Upcoming Billing Change Could Make Pregnancy Pricier

Upcoming Billing Change Could Make Pregnancy Pricier

KFF Health News (formerly Kaiser Health News)
KFF Health News (formerly Kaiser Health News)Jun 5, 2026

Companies Mentioned

Why It Matters

The billing overhaul could increase costs for many families and reshape how insurers price maternity coverage, while offering clinicians clearer reimbursement for complex care.

Key Takeaways

  • ACOG backs new fee‑for‑service obstetric codes effective January
  • Codes shift from bundled 13‑visit model to individualized billing
  • High‑deductible plans may see higher out‑of‑pocket maternity costs
  • Midwives, hospitalists, and specialists can now bill for specific services
  • Employers worry new codes could raise insurance premiums

Pulse Analysis

The transition from a global bundled payment to granular fee‑for‑service obstetric codes marks a fundamental shift in U.S. maternity financing. Historically, insurers reimbursed a single global fee for an entire pregnancy, delivery and postpartum period, capping the number of covered prenatal visits at 13 regardless of patient complexity. ACOG argues that today’s expectant mothers—often older and with multiple comorbidities—require a more flexible model that captures the true intensity of care. By aligning reimbursement with each encounter, the new CPT codes enable obstetricians, midwives, hospitalists and maternal‑fetal medicine specialists to receive payment that mirrors the resources they expend.
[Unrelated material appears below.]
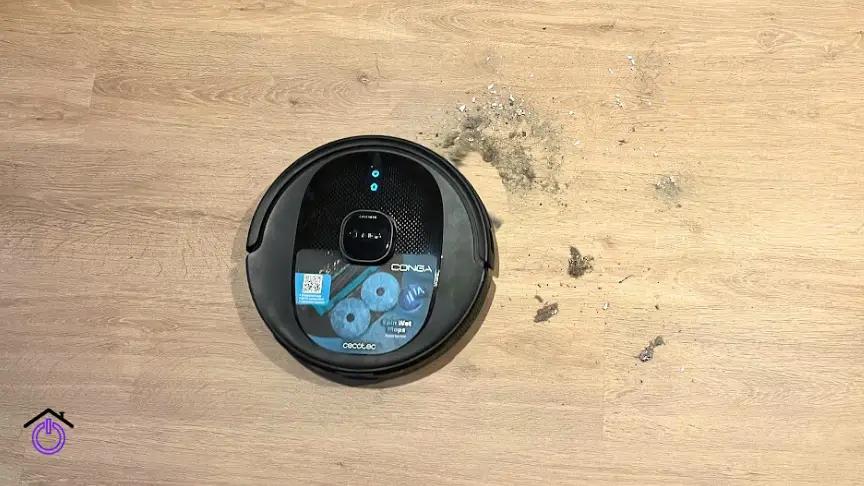 robot aspirador cecotec aspirando polvo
For patients, the impact hinges on plan design. Commercial plans with high deductibles could see a proliferation of line‑item charges, translating into higher out‑of‑pocket expenses for services that were previously bundled. While the ACA mandates coverage of preventive prenatal and postpartum visits at no cost, many ancillary services—ultrasounds, lab work, specialist consultations—already generate cost‑sharing. The fee‑for‑service structure may amplify these charges and, through the insurer’s risk‑adjusted pricing, push premium growth for employer‑sponsored health plans. Medicaid beneficiaries, who account for roughly 41% of U.S. births, are largely insulated because the program typically absorbs maternity costs.
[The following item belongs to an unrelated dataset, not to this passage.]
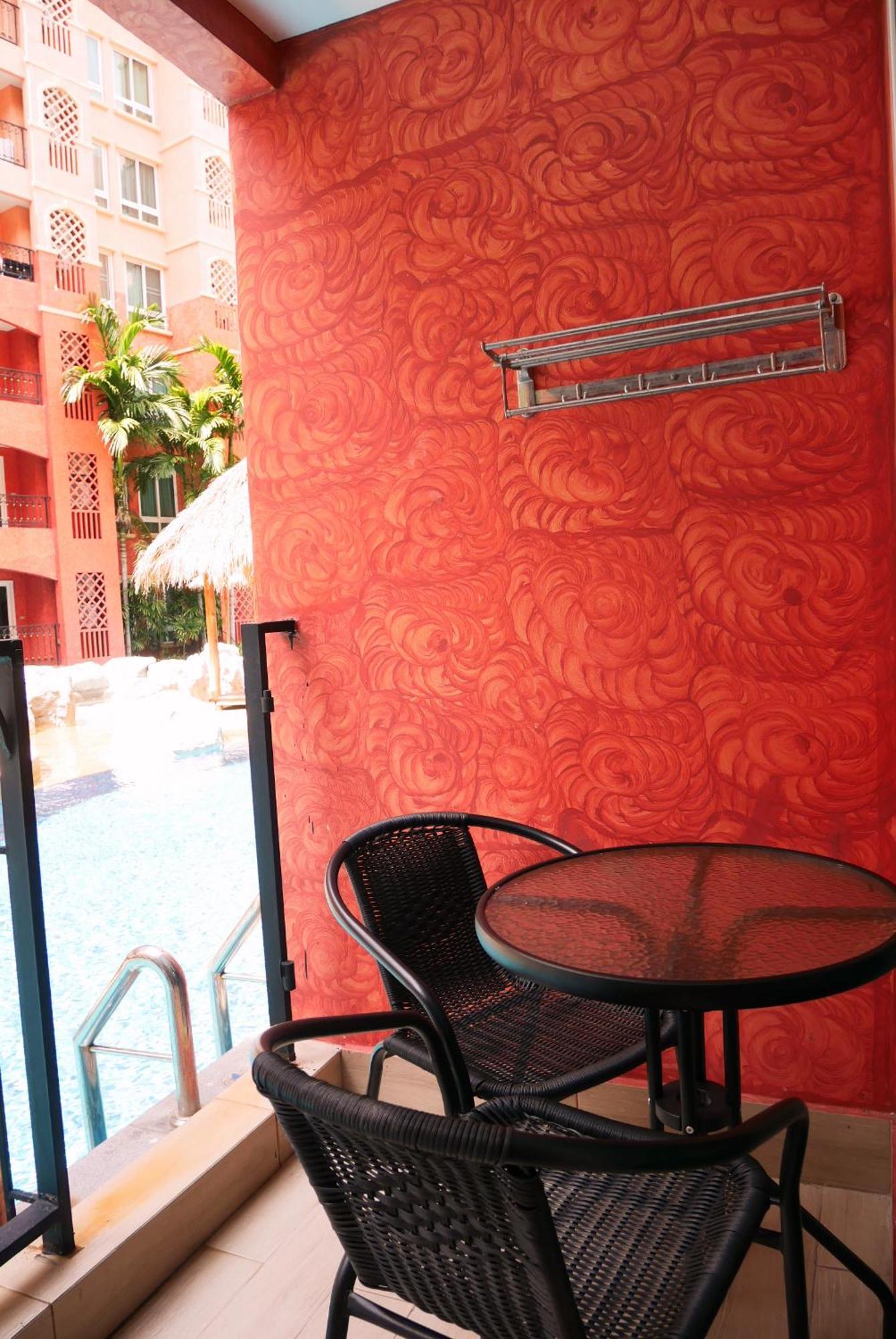 Seven Seas Pattaya Poolside Room ห้องติดสระ Jomtien Beach Dış mekan fotoğraf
Beyond the financial calculus, the new coding framework promises richer data for quality improvement. Detailed service-level billing can illuminate which interventions most effectively reduce maternal mortality—a persistent challenge in the United States—and support extended postpartum care, now reimbursable beyond the traditional two‑visit model. However, critics caution that fee‑for‑service incentives may spur unnecessary testing and higher‑level provider utilization, inflating costs without commensurate health gains. Stakeholders will need to monitor utilization patterns, CMS fee‑schedule decisions, and employer responses to gauge whether the reform delivers better outcomes or simply adds complexity to an already costly system.